## Problem description
With pictures left out, output exactly the lines of the listing below from the line that has "Rosell y Martínez en la firma del convenio" to the line that has "FILE PHOTO: A", both lines kept.

## The records
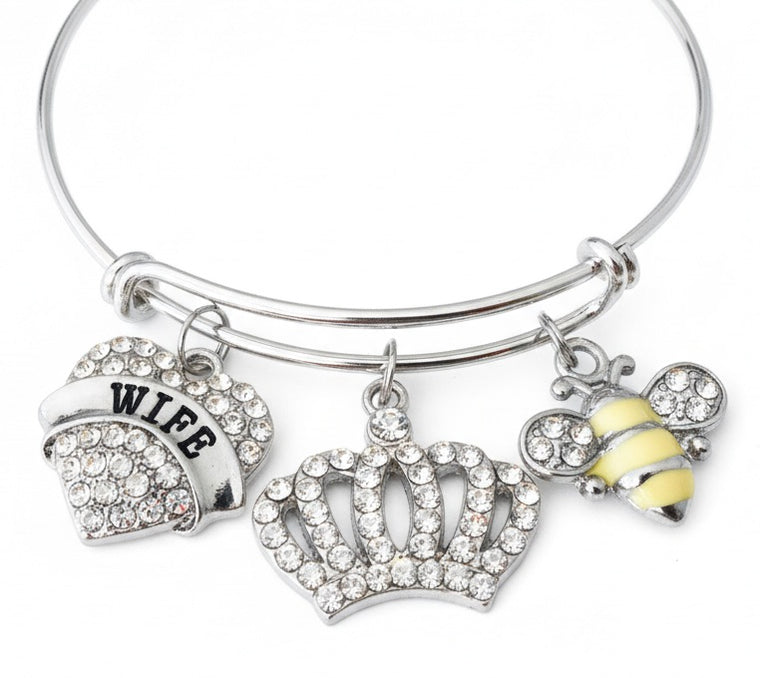 Silver expandable charm bangle bracelet with crystal pavé WIFE heart charm, rhinestone crown charm, and yellow enamel bumblebee charm with crystal wings — Queen Bee Wife gift bracelet by Jules Obsession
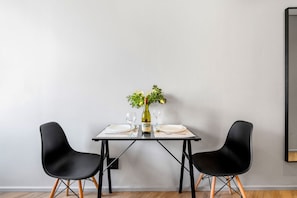 A dining table with two black chairs, a wine bottle, and a vase with flowers. - One Thibault 1927 (Cape Town)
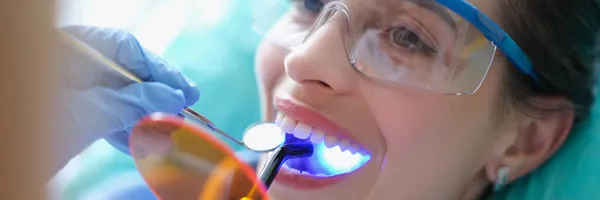 Kobieta w okularach ochronnych leczona u dentysty lampą świetlną — Zdjęcie stockowe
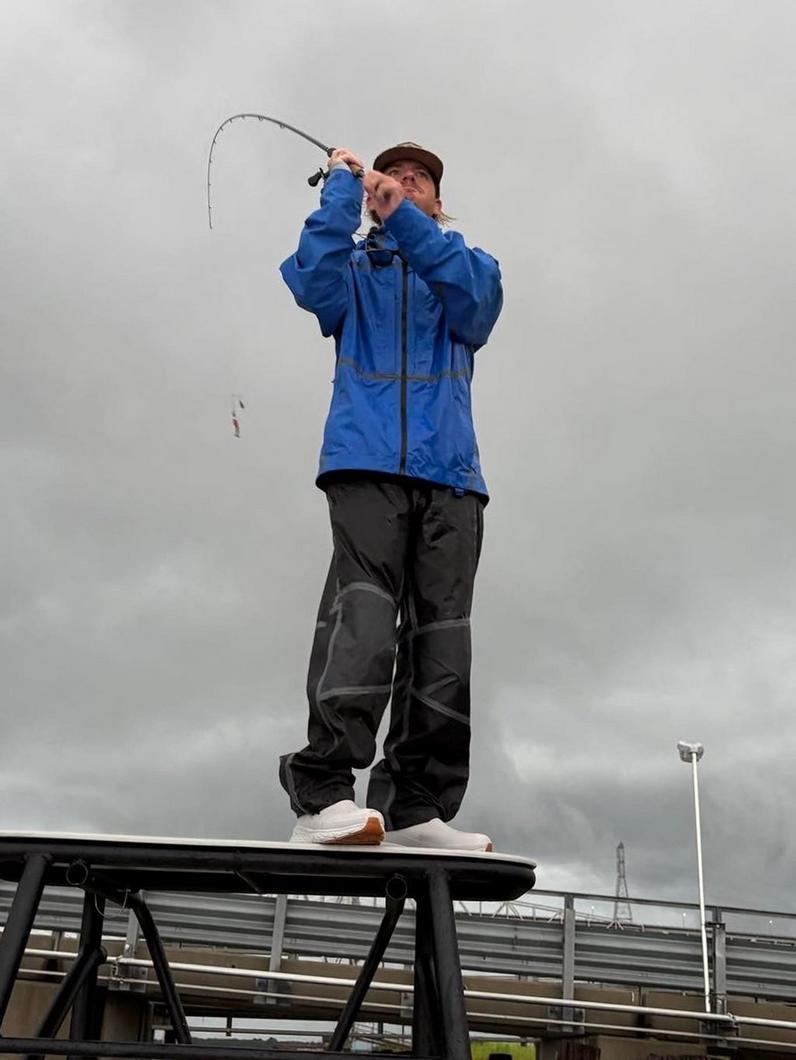Person wearing blue jacket and dark pants standing on platform holding bent fishing rod.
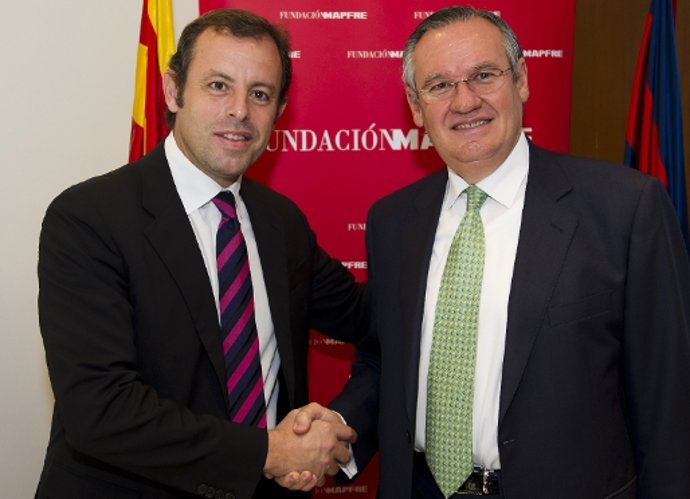 Rosell y Martínez en la firma del convenio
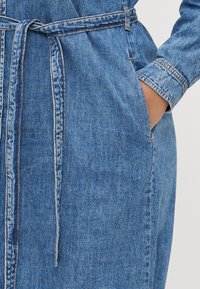 Denimkjole med belte i midjen, lange ermer og sidelommer. Mellomblå vask med synlig søm og en lett strukturert finish.
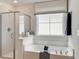 Relaxing bathroom featuring a soaking tub, a separate shower, and a large bright window at 918 Agostino Dr., Myrtle Beach, SC 29579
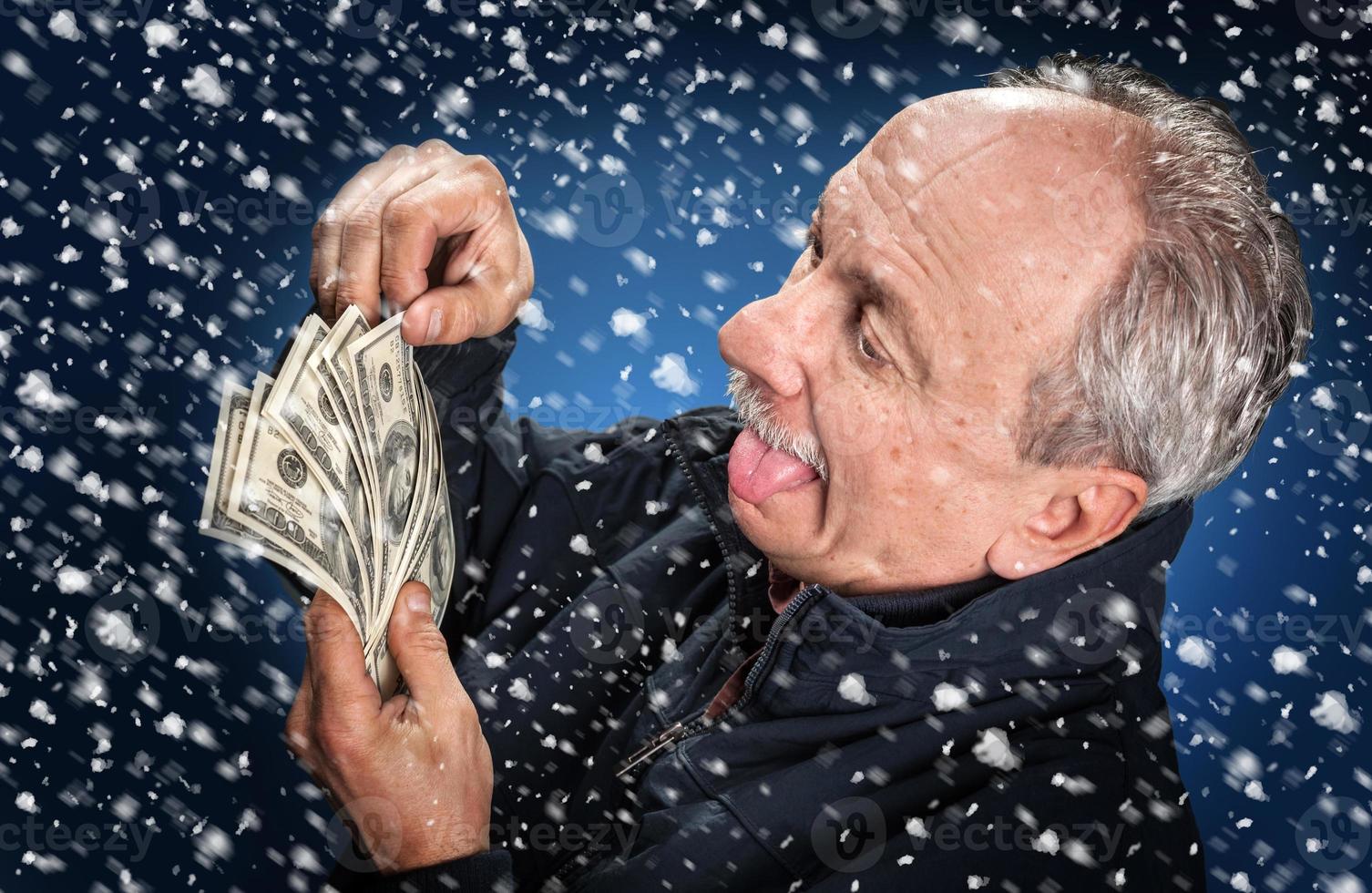 man with a bundle of dollars in snowfall photo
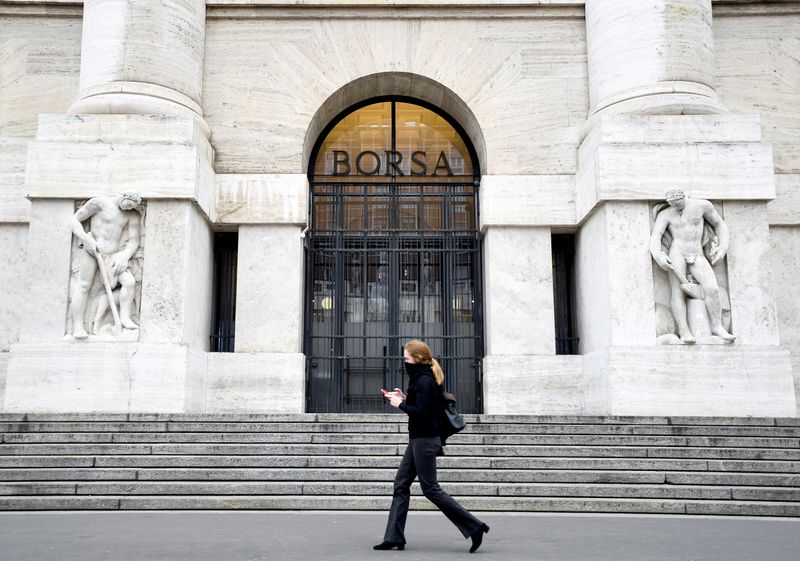 FILE PHOTO: A woman passes the Italian Stock Exchange in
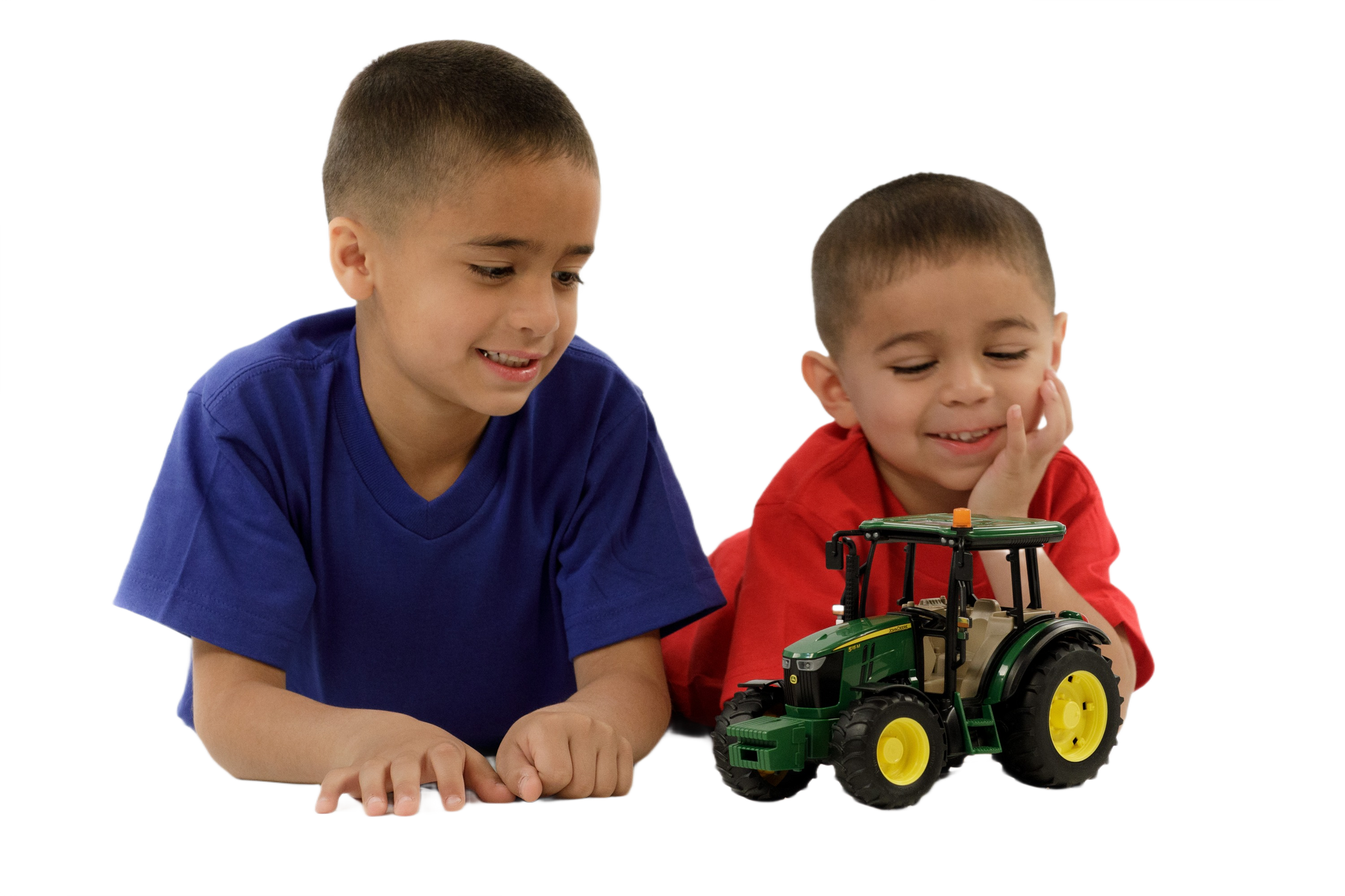 Two young boys smiling and playing with a green and yellow Bruder John Deere 5115 M tractor model toy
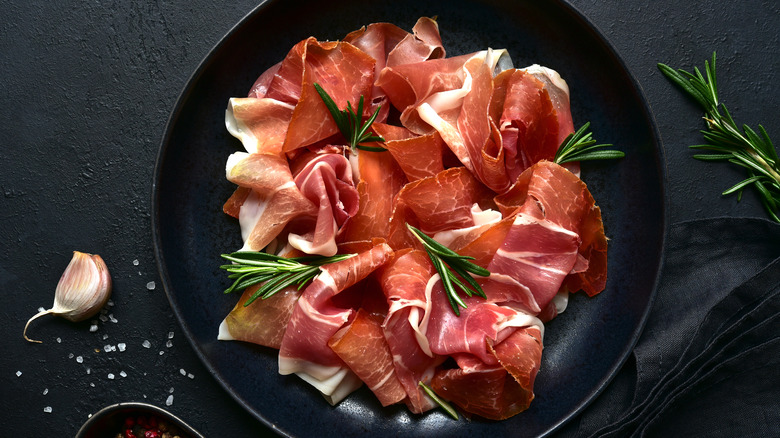 A black plate with slices of prosciuuto and iberico hams, rosemary and garlic garnish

## Reply
 Rosell y Martínez en la firma del convenio
 Denimkjole med belte i midjen, lange ermer og sidelommer. Mellomblå vask med synlig søm og en lett strukturert finish.
 Relaxing bathroom featuring a soaking tub, a separate shower, and a large bright window at 918 Agostino Dr., Myrtle Beach, SC 29579
 man with a bundle of dollars in snowfall photo
 FILE PHOTO: A woman passes the Italian Stock Exchange in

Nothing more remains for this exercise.